### Supplied material
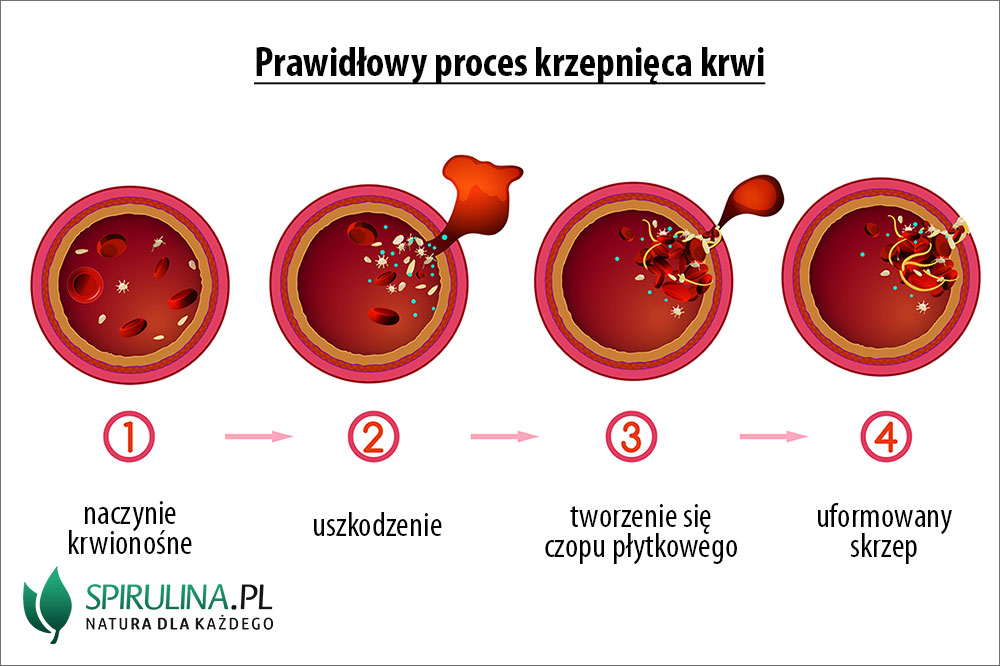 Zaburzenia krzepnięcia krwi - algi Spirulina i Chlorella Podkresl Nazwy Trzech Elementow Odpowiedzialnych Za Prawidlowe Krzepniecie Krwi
--
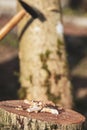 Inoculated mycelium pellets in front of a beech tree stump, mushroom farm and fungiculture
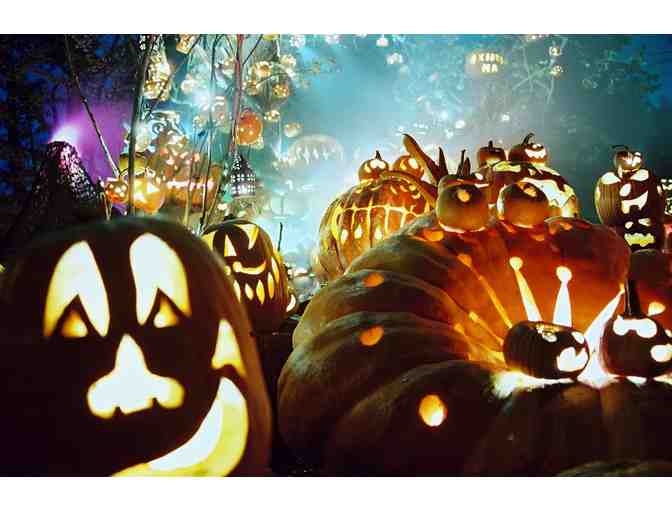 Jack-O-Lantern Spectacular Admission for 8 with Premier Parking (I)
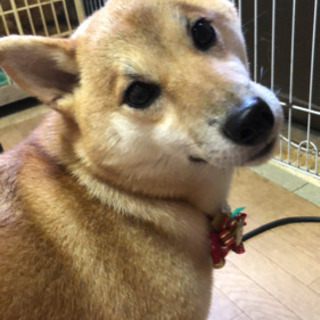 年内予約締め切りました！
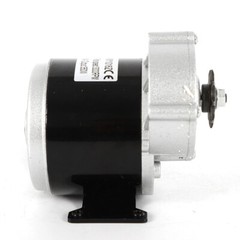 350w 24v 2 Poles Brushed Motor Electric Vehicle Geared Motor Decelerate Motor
--
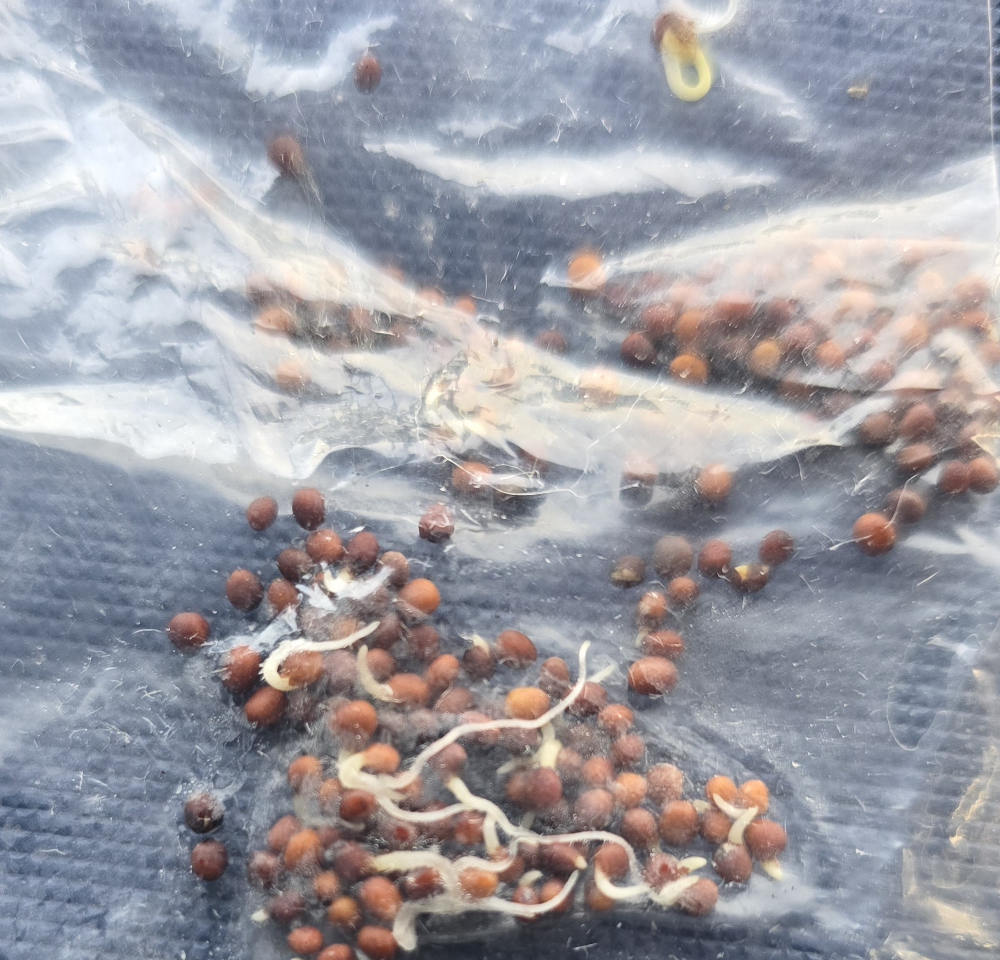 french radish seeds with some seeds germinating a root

### Exercise objective
Those lines of the records above that run from the one containing "Inoculated mycelium pellets" through the one containing "350w 24v 2 Poles" should be returned exactly, with no pictures among them.

### Answer to this problem
 Inoculated mycelium pellets in front of a beech tree stump, mushroom farm and fungiculture
 Jack-O-Lantern Spectacular Admission for 8 with Premier Parking (I)
 年内予約締め切りました！
 350w 24v 2 Poles Brushed Motor Electric Vehicle Geared Motor Decelerate Motor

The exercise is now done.